Police are continuing to hunt for her killer, and Gardai have said the Murphy family were “appreciative and overwhelmed by the national outpouring of support shown to them”, after vigils were held in towns across Ireland on Friday.
On Saturday, a large number of people queued in Camden Square, north London, to sign a book of condolence and lay flowers.
The vigil took place at around 4pm – the time at which police said the fatal assault occurred on the banks of the Grand Canal in the Irish town on Wednesday.
Traditional music was played in honour of Ms Murphy, a talented fiddle player, while some of the crowd quietly sang or hummed along.
Anna Johnston, cultural officer at the London Irish Centre, said people had come together in solidarity with those who knew and loved Ms Murphy “and all the women of Ireland and further afield who are angry, distressed and heartbroken”.
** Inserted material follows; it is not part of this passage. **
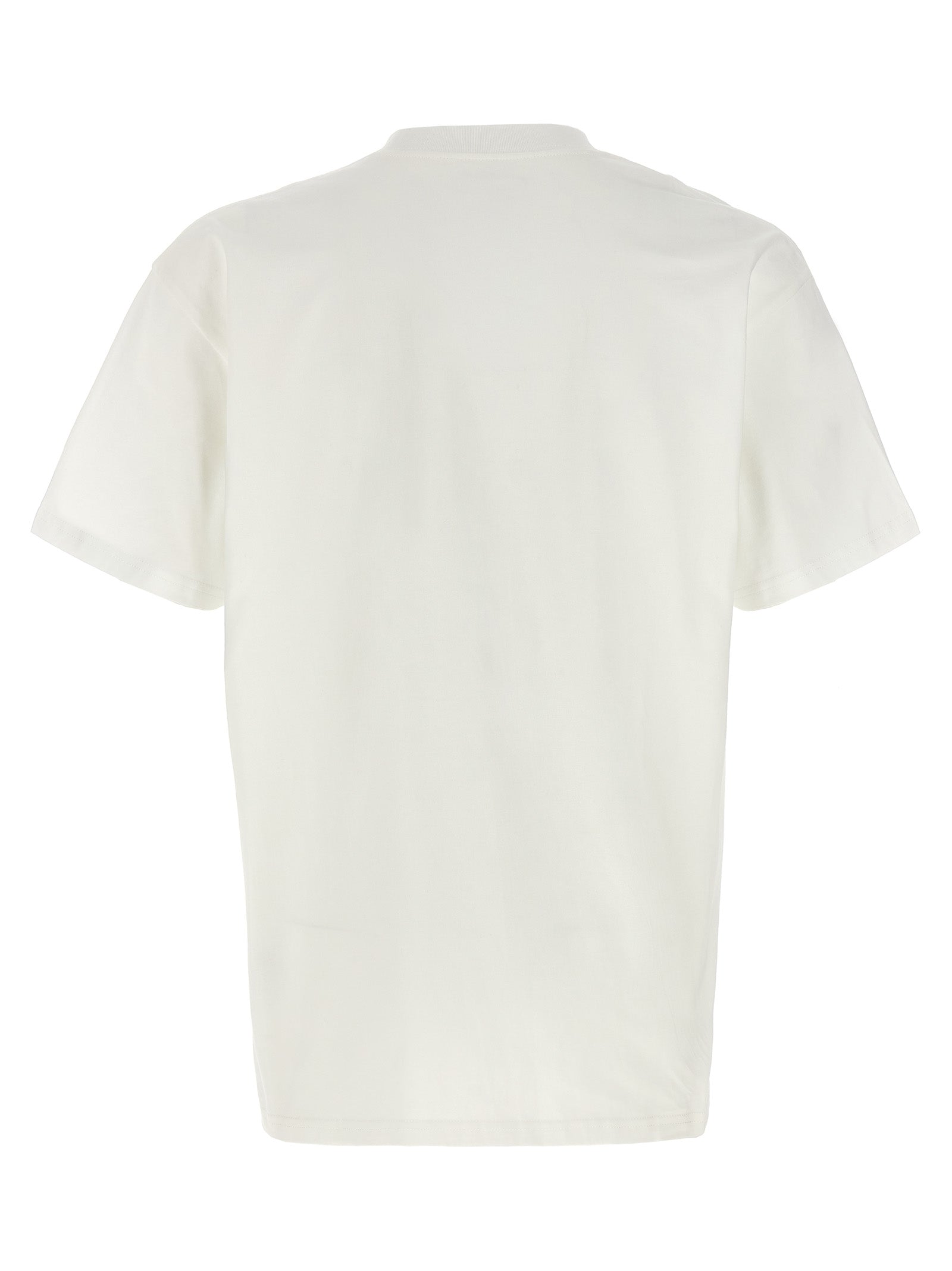 Carhartt Wip White Organic Cotton T-Shirt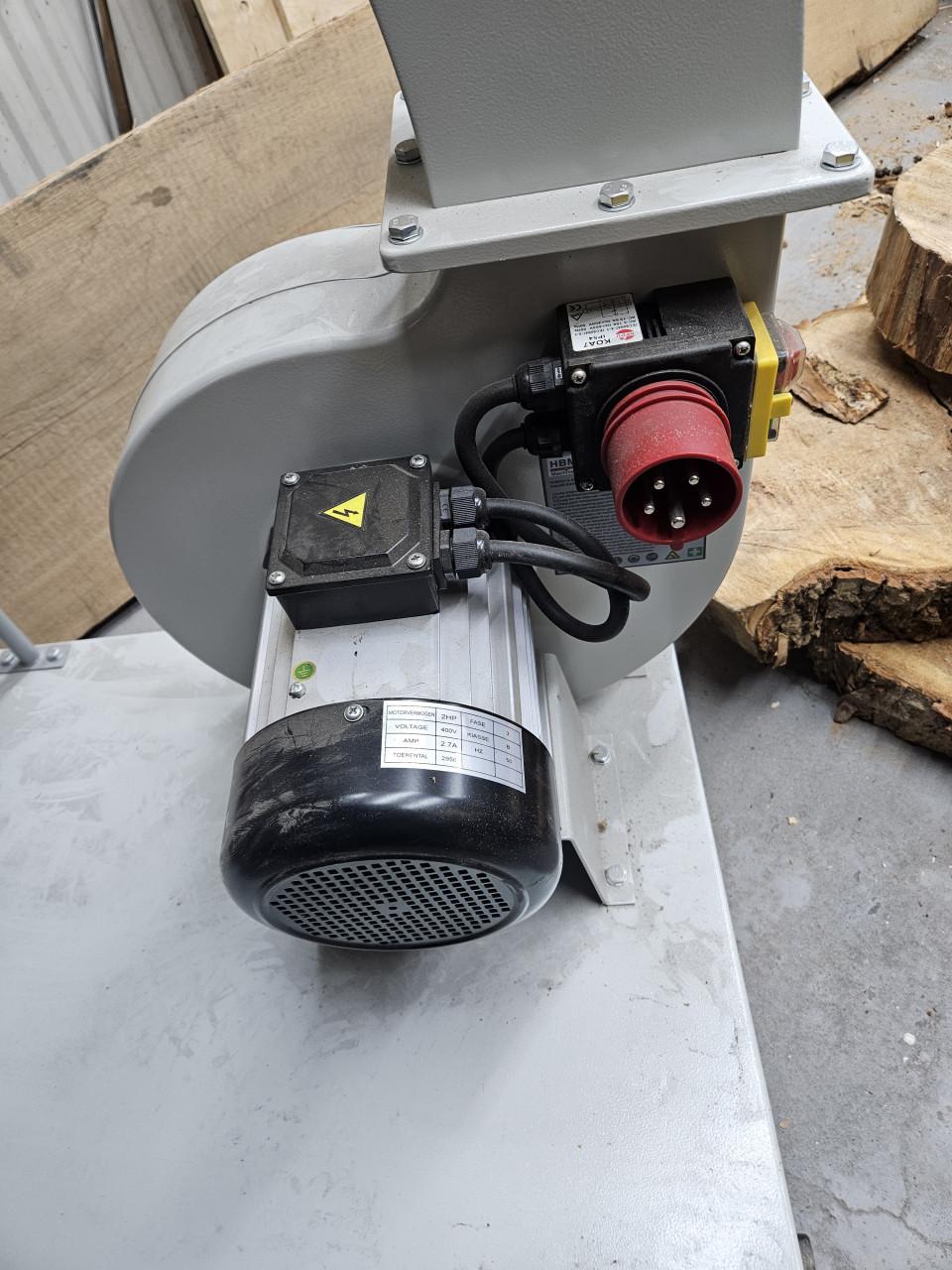 HBM 200 Profi Stofafzuiginstallatie - 400 Volt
Addressing the crowd, she added: “Today, along with Ashling, we remember all the women who have had their lives stolen through gender-based violence. We shouldn’t be here, and Ashling should be.”
A minute’s silence was held, after which the young teacher’s favourite song, When You Were Sweet Sixteen, was sung.
Her father Ray Murphy had played the tune on the banjo in tribute to his youngest daughter at a vigil on Friday near the scene of her murder.
Last year in London, people gathered in memory of marketing executive Sarah Everard and school teacher Sabina Nessa – two women who were fatally attacked while out walking in the capital.
A small sign near the entrance to the London Irish Centre bore their names and those of other women who have died, under the letters “RIP”.
A steady stream of people laid flowers and candles as darkness fell.
One floral tribute left outside the centre read: “Your beautiful life was stolen by evil.
“You deserved so much better. May your soul live on in music.”